* TASK TO CARRY OUT *
Output each of the entries exactly, skipping every picture they contain.

* MATERIAL FOR THIS EXERCISE *
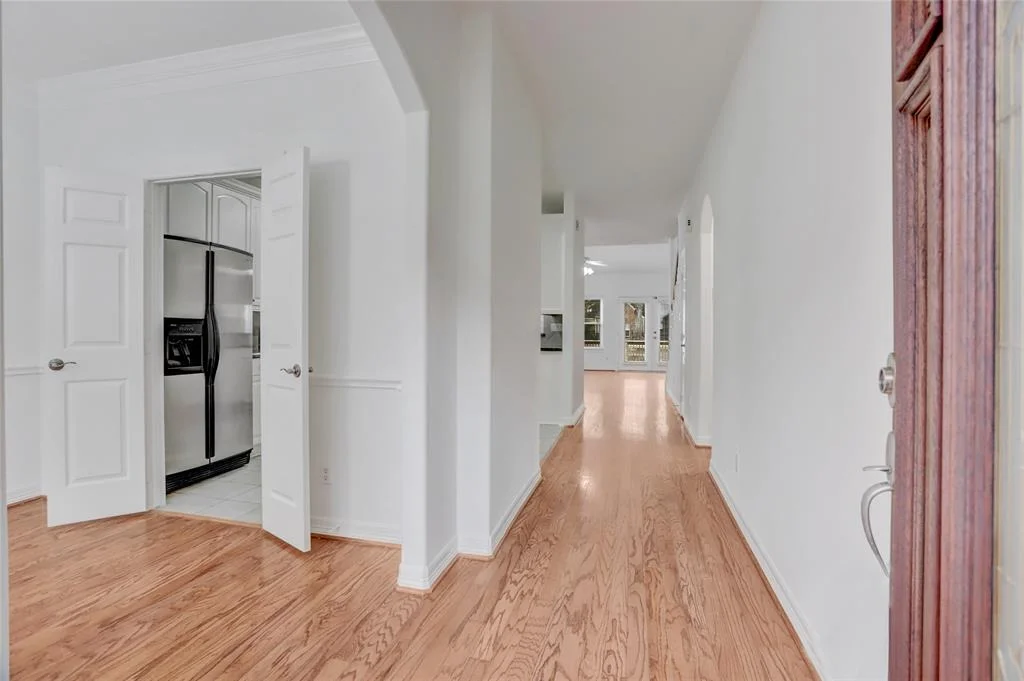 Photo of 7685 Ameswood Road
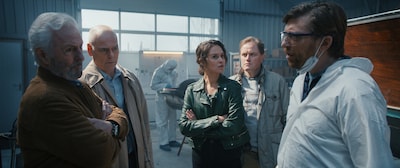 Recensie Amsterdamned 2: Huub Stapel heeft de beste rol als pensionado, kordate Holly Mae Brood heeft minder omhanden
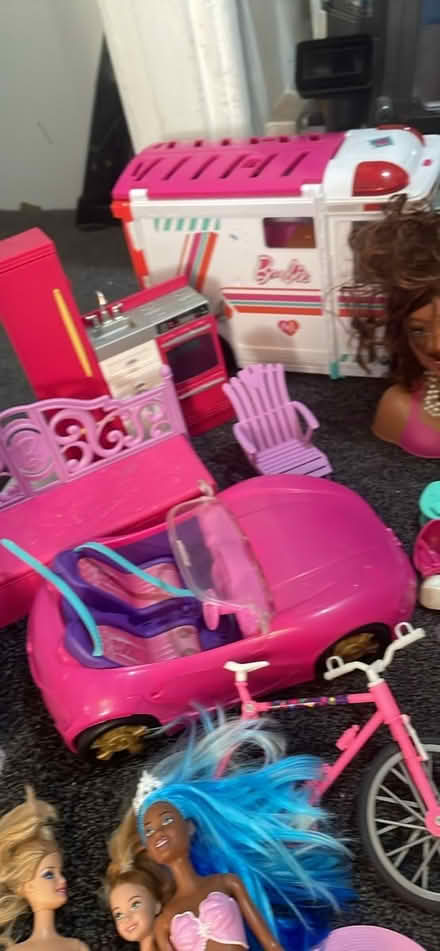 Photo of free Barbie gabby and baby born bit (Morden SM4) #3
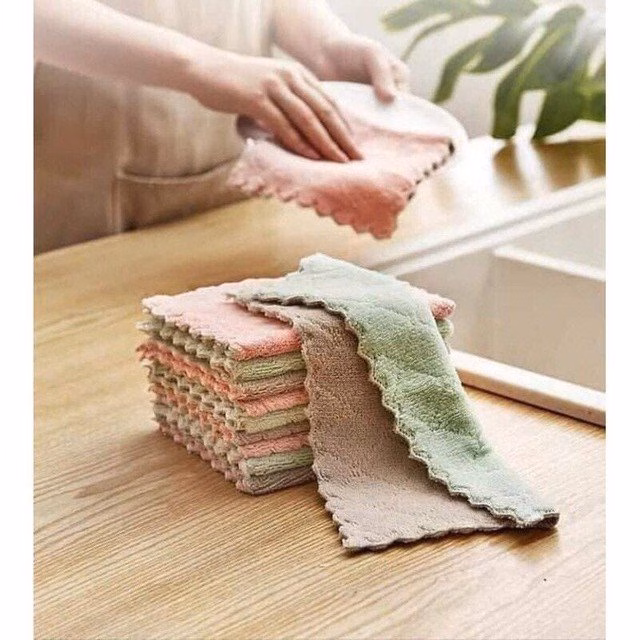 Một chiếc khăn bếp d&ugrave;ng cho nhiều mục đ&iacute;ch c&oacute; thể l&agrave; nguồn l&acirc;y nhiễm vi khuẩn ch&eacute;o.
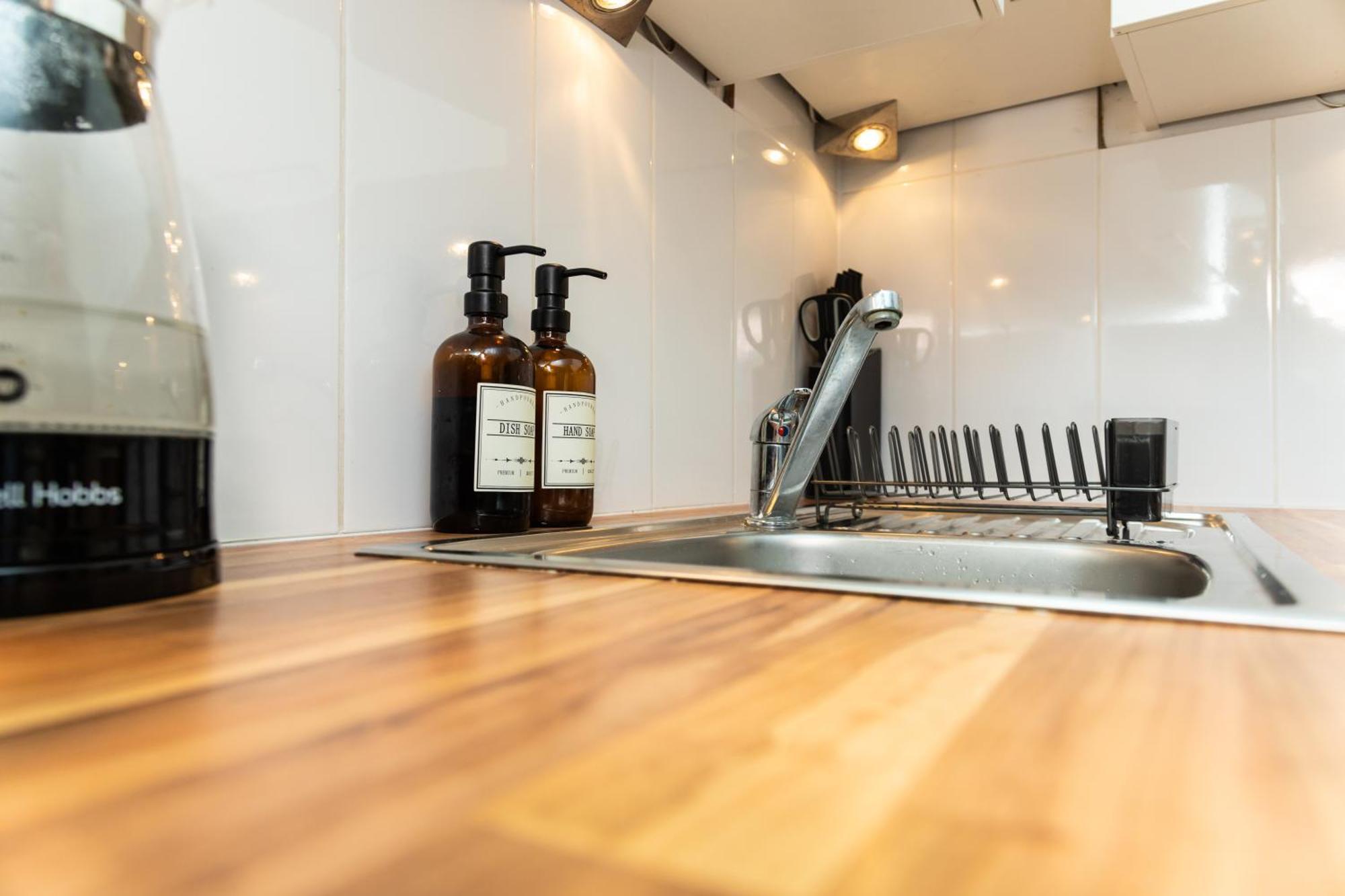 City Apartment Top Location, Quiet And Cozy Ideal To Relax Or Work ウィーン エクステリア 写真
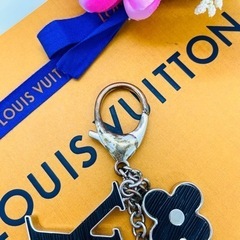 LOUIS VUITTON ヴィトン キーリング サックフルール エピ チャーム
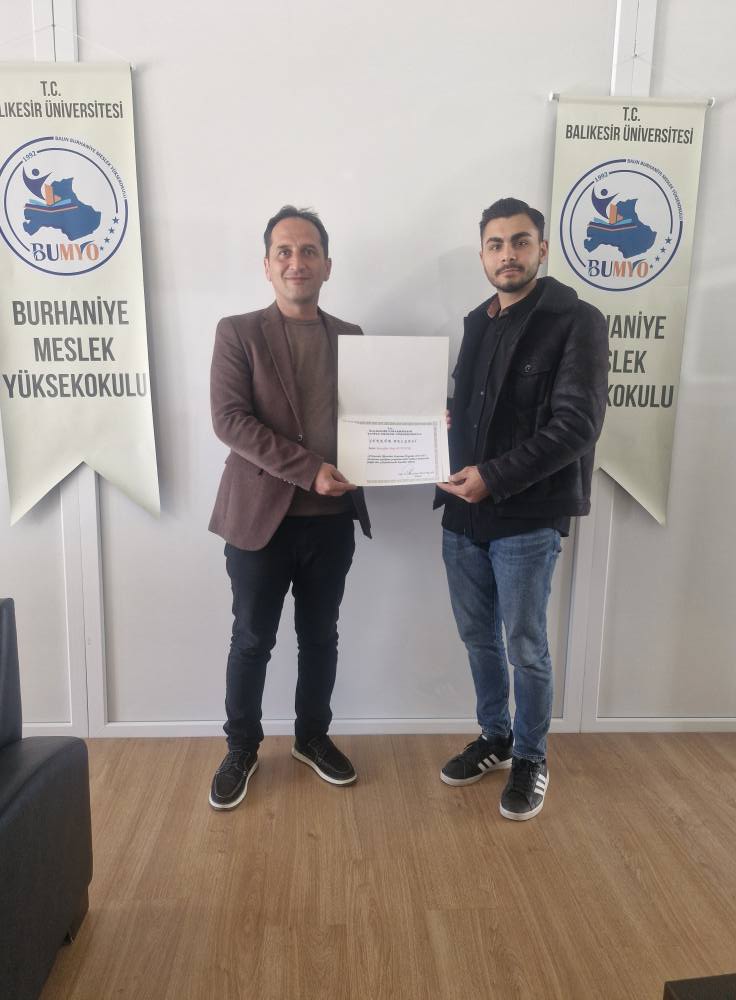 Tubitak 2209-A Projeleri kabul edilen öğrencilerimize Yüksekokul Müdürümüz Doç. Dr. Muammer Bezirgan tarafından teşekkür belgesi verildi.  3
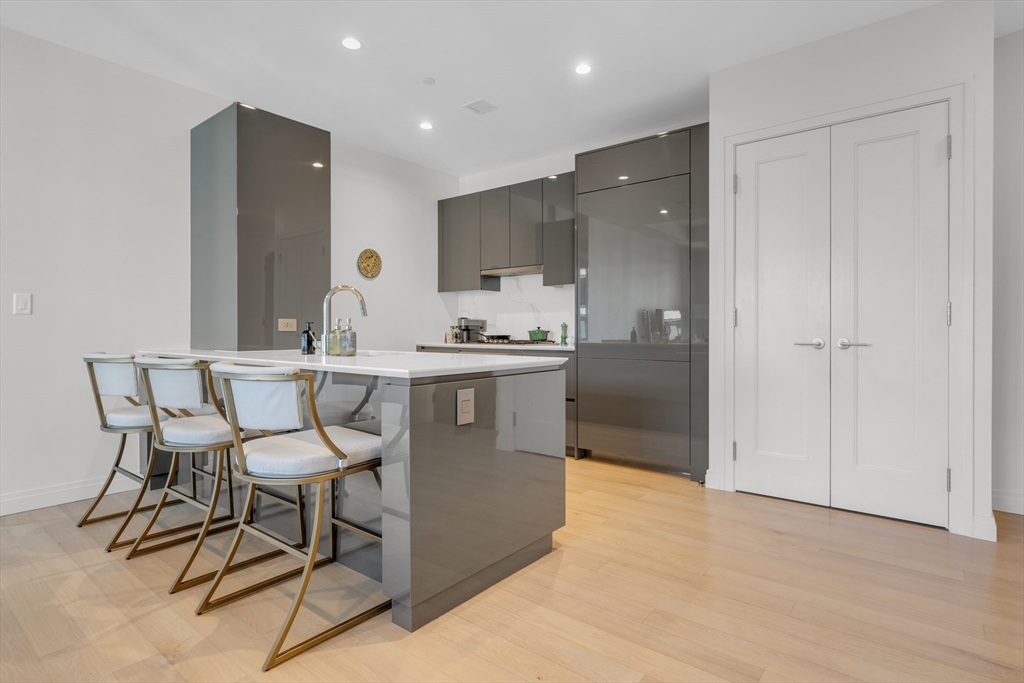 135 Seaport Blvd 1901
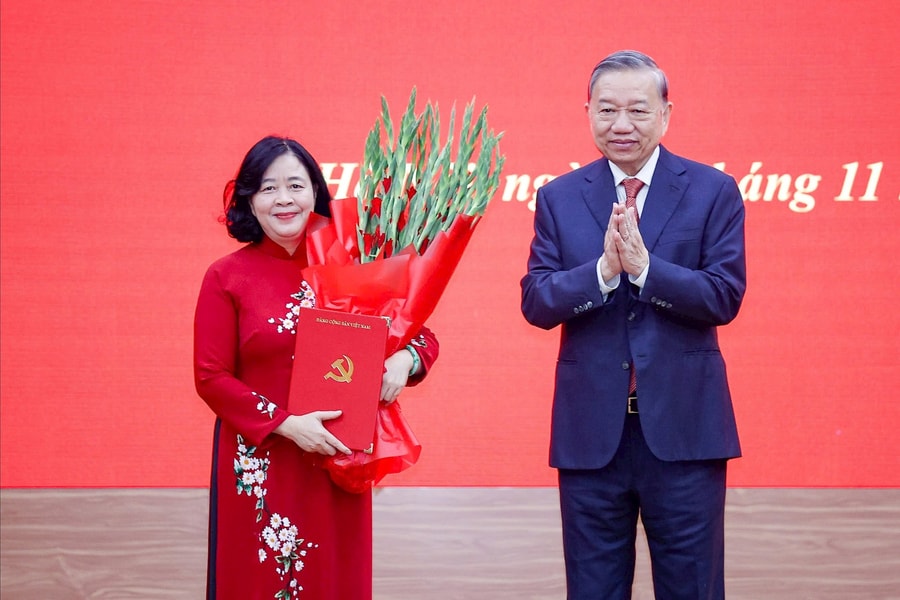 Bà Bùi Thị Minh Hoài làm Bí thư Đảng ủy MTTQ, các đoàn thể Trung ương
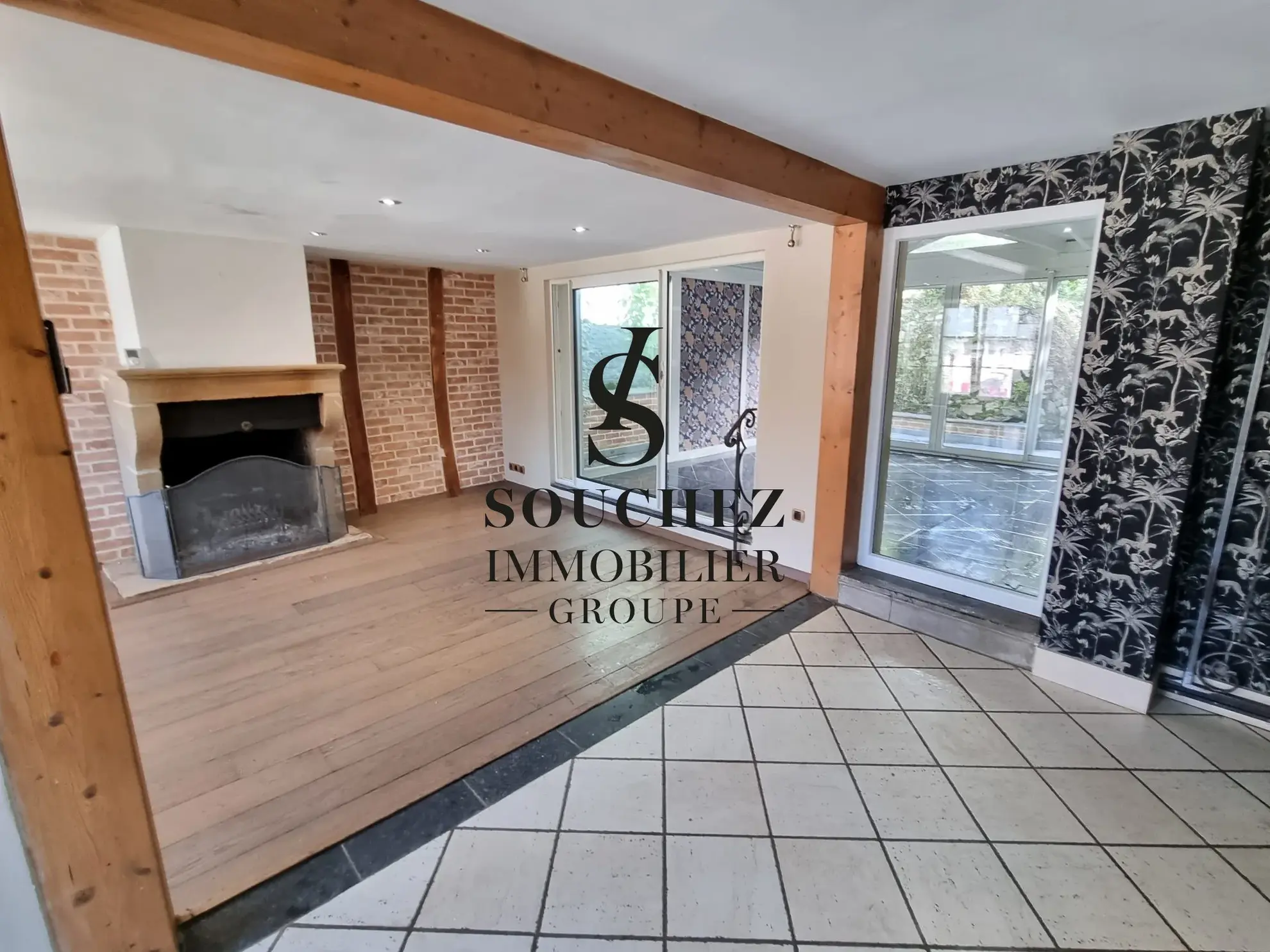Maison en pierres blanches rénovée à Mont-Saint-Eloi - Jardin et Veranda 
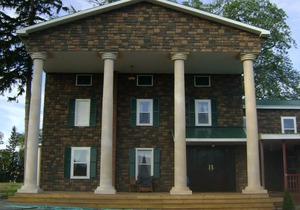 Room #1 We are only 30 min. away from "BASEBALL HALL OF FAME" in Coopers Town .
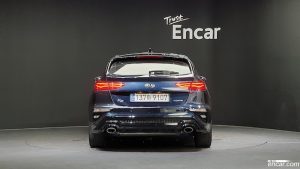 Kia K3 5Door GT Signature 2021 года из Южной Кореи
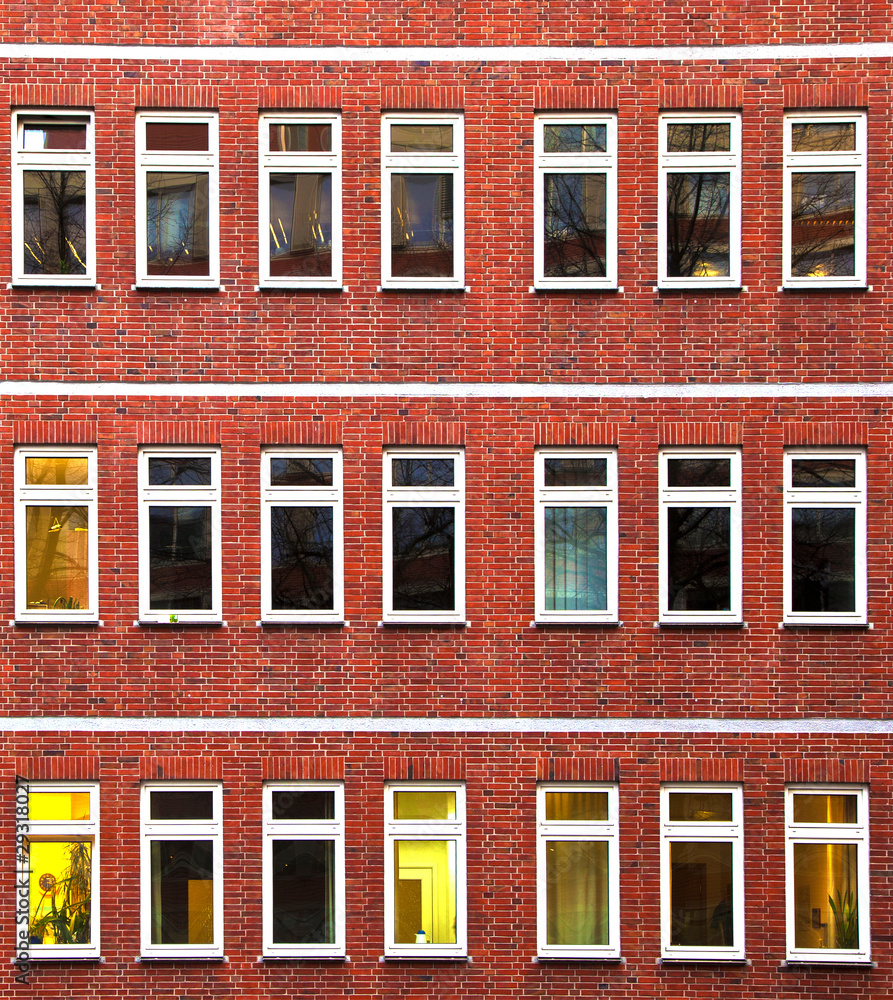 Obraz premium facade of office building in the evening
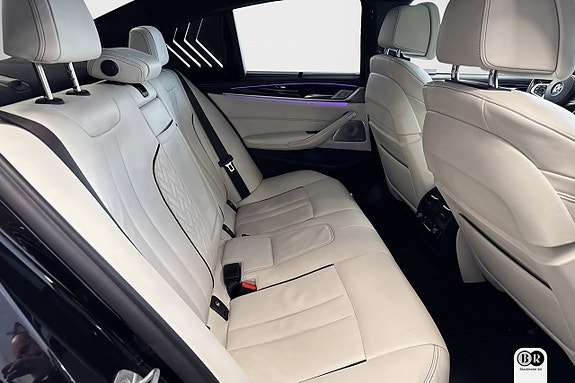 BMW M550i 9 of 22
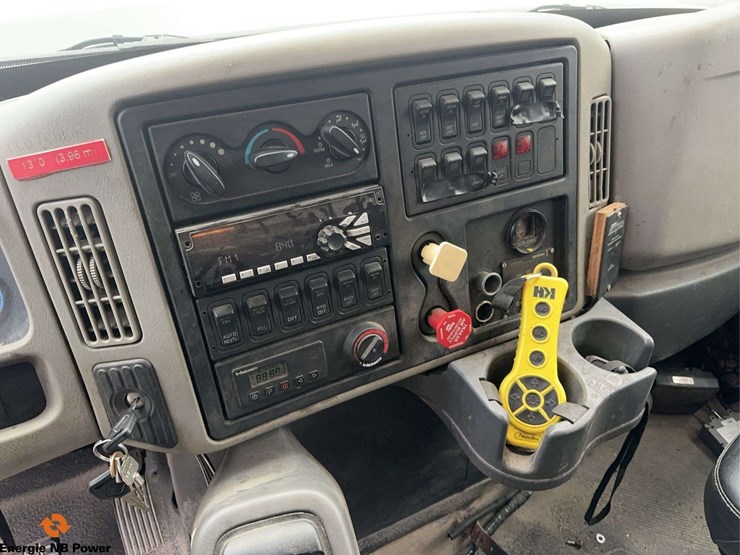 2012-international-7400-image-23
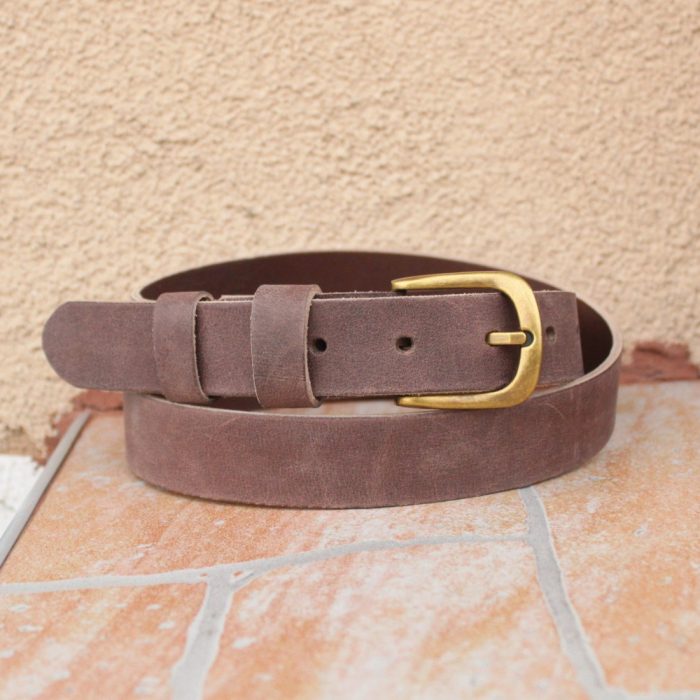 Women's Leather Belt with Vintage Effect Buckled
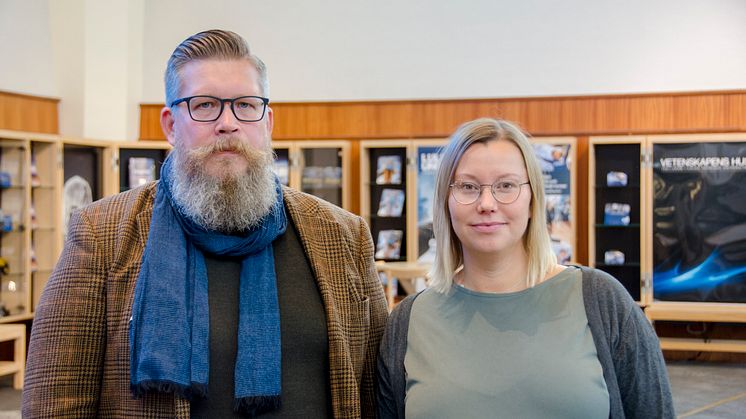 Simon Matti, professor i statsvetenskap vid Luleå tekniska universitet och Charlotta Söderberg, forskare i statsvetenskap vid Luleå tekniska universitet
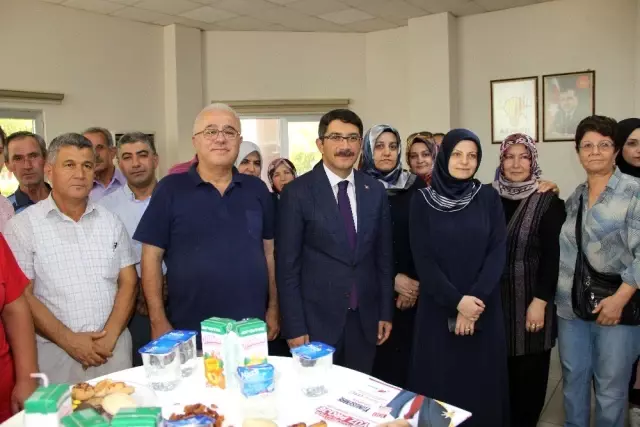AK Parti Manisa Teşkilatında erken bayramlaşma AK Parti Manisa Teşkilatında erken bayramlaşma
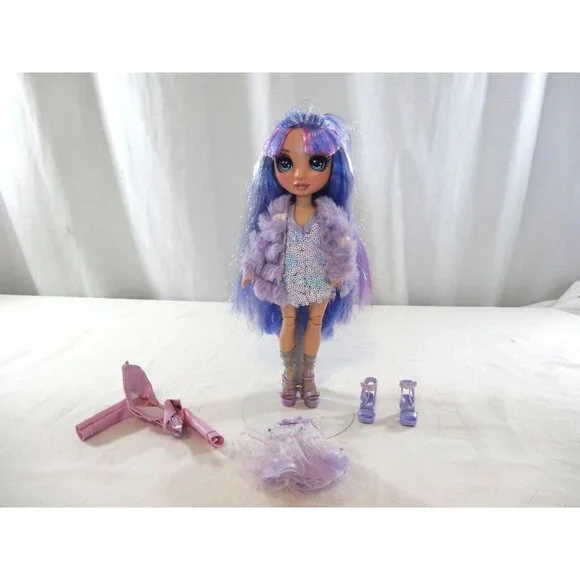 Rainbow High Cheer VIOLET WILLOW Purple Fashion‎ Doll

* WRITTEN SOLUTION *
 Photo of 7685 Ameswood Road
 Recensie Amsterdamned 2: Huub Stapel heeft de beste rol als pensionado, kordate Holly Mae Brood heeft minder omhanden
 Photo of free Barbie gabby and baby born bit (Morden SM4) #3
 Một chiếc khăn bếp d&ugrave;ng cho nhiều mục đ&iacute;ch c&oacute; thể l&agrave; nguồn l&acirc;y nhiễm vi khuẩn ch&eacute;o.
 City Apartment Top Location, Quiet And Cozy Ideal To Relax Or Work ウィーン エクステリア 写真
 LOUIS VUITTON ヴィトン キーリング サックフルール エピ チャーム
 Tubitak 2209-A Projeleri kabul edilen öğrencilerimize Yüksekokul Müdürümüz Doç. Dr. Muammer Bezirgan tarafından teşekkür belgesi verildi.  3
 135 Seaport Blvd 1901
 Bà Bùi Thị Minh Hoài làm Bí thư Đảng ủy MTTQ, các đoàn thể Trung ương
Maison en pierres blanches rénovée à Mont-Saint-Eloi - Jardin et Veranda 
 Room #1 We are only 30 min. away from "BASEBALL HALL OF FAME" in Coopers Town .
 Kia K3 5Door GT Signature 2021 года из Южной Кореи
 Obraz premium facade of office building in the evening
 BMW M550i 9 of 22
 2012-international-7400-image-23
 Women's Leather Belt with Vintage Effect Buckled
 Simon Matti, professor i statsvetenskap vid Luleå tekniska universitet och Charlotta Söderberg, forskare i statsvetenskap vid Luleå tekniska universitet
AK Parti Manisa Teşkilatında erken bayramlaşma AK Parti Manisa Teşkilatında erken bayramlaşma
 Rainbow High Cheer VIOLET WILLOW Purple Fashion‎ Doll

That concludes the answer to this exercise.